When slavery ended, George started efforts to write white supremacy into state law by adding Jim Crow provisions into the 1890 Mississippi Constitution, taking away civil-rights victories Black Mississippians had made since the Civil War. The new constitution made it harder for Black Mississippians to vote by adding poll taxes, literacy tests and loss of voting rights for crimes white supremacists believed Black people were more likely to commit; the latter provision remains in the state constitution today.
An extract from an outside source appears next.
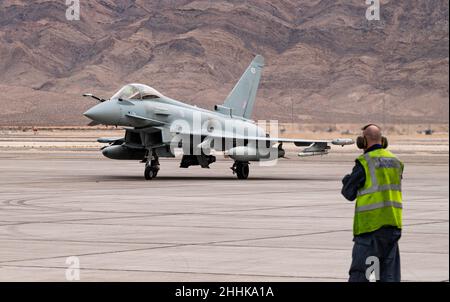 Ein Taifun FGR4, der 1 (Fighter) Squadron, RAF Lossiemouth, Großbritannien, zugewiesen wurde, trifft am 13. Januar 2021 auf dem Luftwaffenstützpunkt Nellis, Nevada, ein. Die 1 (Fighter) Squadron nimmt an der Red Flag 22-1 Teil. (USA Luftwaffe Foto von William R. Lewis) Stockfoto
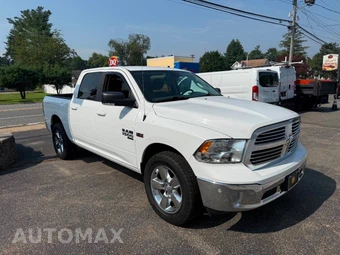 2019 Ram 1500 Classic Big Horn Crew Cab Short Bed - miniatura 4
“It is the manifest intention of this Convention to secure to the State of Mississippi ‘white supremacy,’” the journal of proceedings for the 1890 Constitutional Convention stated.
Five Mississippi representatives introduced H.C.R. 12 on Jan. 24: Jeffrey Harness, D-Fayette; Daryl Porter, D-Summit; Robert Johnson, D-Natchez; John Hines, D-Greenville; and Bryant Clark, D-Pickens. They are petitioning for the removal of the statues and for replicas of civil-rights activist Fannie Lou Hamer and Sen. Hiram Rhodes Revels, the Mississippian who became the first Black person to serve in the U.S. Senate, to replace them.
Starting as a child, Hamer worked as a sharecropper in Sunflower, Miss.; she learned to read and write just before she was forced to drop out of school at age 12 to work in the fields. As an adult, she became a leading figure in the fight for voting rights for Black Mississippians. In 1964, Hamer co-founded the Mississippi Freedom Democratic Party, taking the fight all the way to the Democratic National Convention, and helped organize Freedom Summer to help with African American voter registration in the South.
The Mississippi Legislature elected Revels to serve as a Republican U.S. Senator from 1870 to 1871 during the Reconstruction era. Before that, he served as a Mississippi State senator in 1869 and a Natchez, Miss., alderman in 1868.
“These are individuals who paved the way for Black people like myself to sit in the Chamber,” Porter said.
H.C.R. 12 is in the Senate Rules Committee, chaired by Sen. Fred Shanks, R-Brandon, and the House State Affairs Committee, chaired by Rep. Henry Zuber III, R-Ocean Springs.
The governor does not sign House concurrent resolutions but for H.C.R. 12 to take effect. After passage in both chambers, the Legislature would deliver the bill to the Secretary of State’s office.